Regarding Mike Rossner’s outline of a decision tree for a more finely tuned response: absolutely and the flowcharts COPE posts can be useful. The intent of the three tier classification is a simple workable framework for systematic screening – cases can change in severity depending on the author and institutional responses etc. A decision tree is without doubt a good supplementary tool we can work on.
Source data = unmodified raw data: that depends on the data. For simple autoradiography to film sure (even straight printouts on paper are not raw data), but for other data (e.g. microscopy) the output is invariably modified, hence the definition. Thanks for the suggestion to add a section on national offices – Australia is more advance here than many others.

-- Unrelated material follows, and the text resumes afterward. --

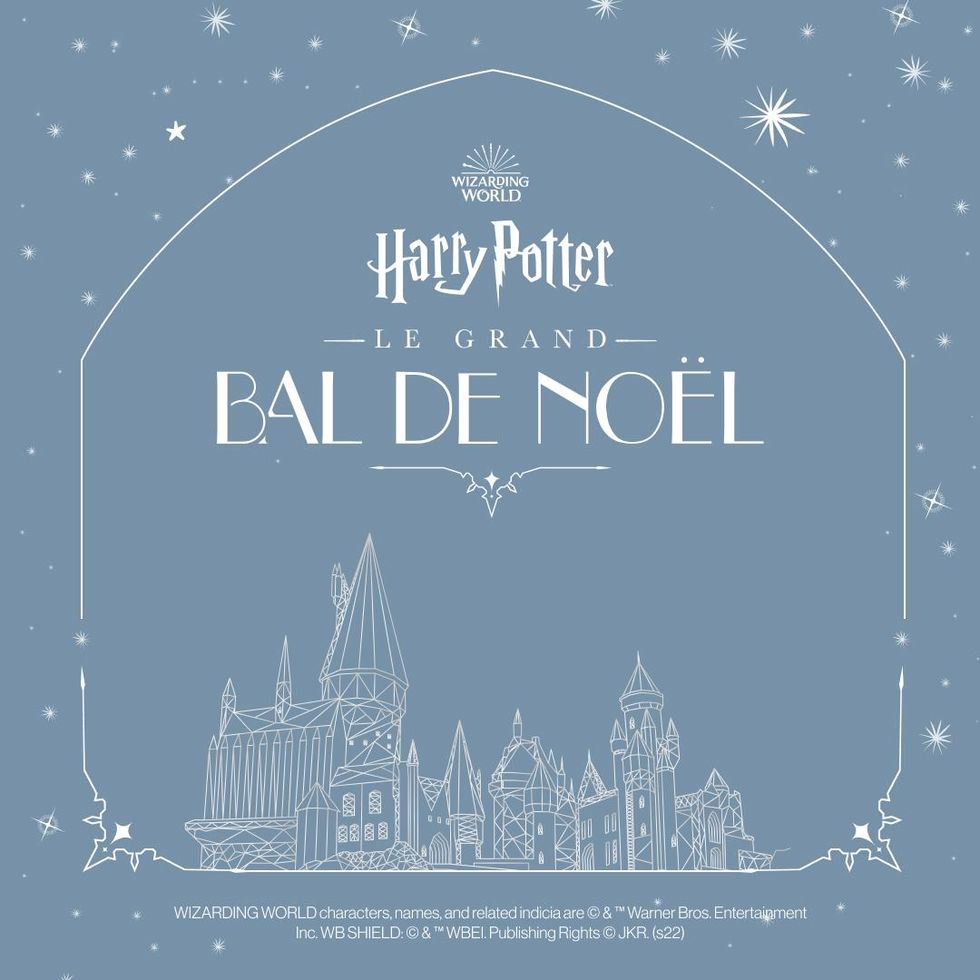 Annonce du Grand Bal de No\u00ebl de Harry Potter.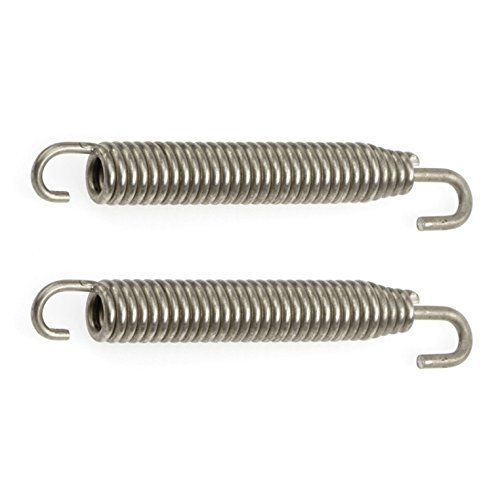 RFX Race Stainless Steel Swivel Exhaust Springs 83mm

Thanks Bernd and congratulations on the STM document. Note however that Australia does not have a national ombudsman or ORI, but relies on the “self-regulation” model, in which conflicts of interest invariably arise. I hope that Australia follows the lead of European nations – of which Sweden was one of the most recent – to recognize that institutions cannot be trusted to govern research integrity on their own, but need an independent body to provide oversight, advice, ensure compliance, and collect data. Also, to clarify, when I commented on the statement “Journal editors should analyze submitted figures and source data…” I was just advocating that editors actually read manuscripts and try to interpret the data themselves – using their own eyes and brains – before they make decisions or use software or pass the manuscripts to the peer reviewers.
Fair comments, but I struggle to understand how “the authors getting lost in reams of poorly annotated data” can do anything other than call into question an entire study. Honest mistake or otherwise, it cannot be relied upon if that’s how disorganised the process was shown to have been.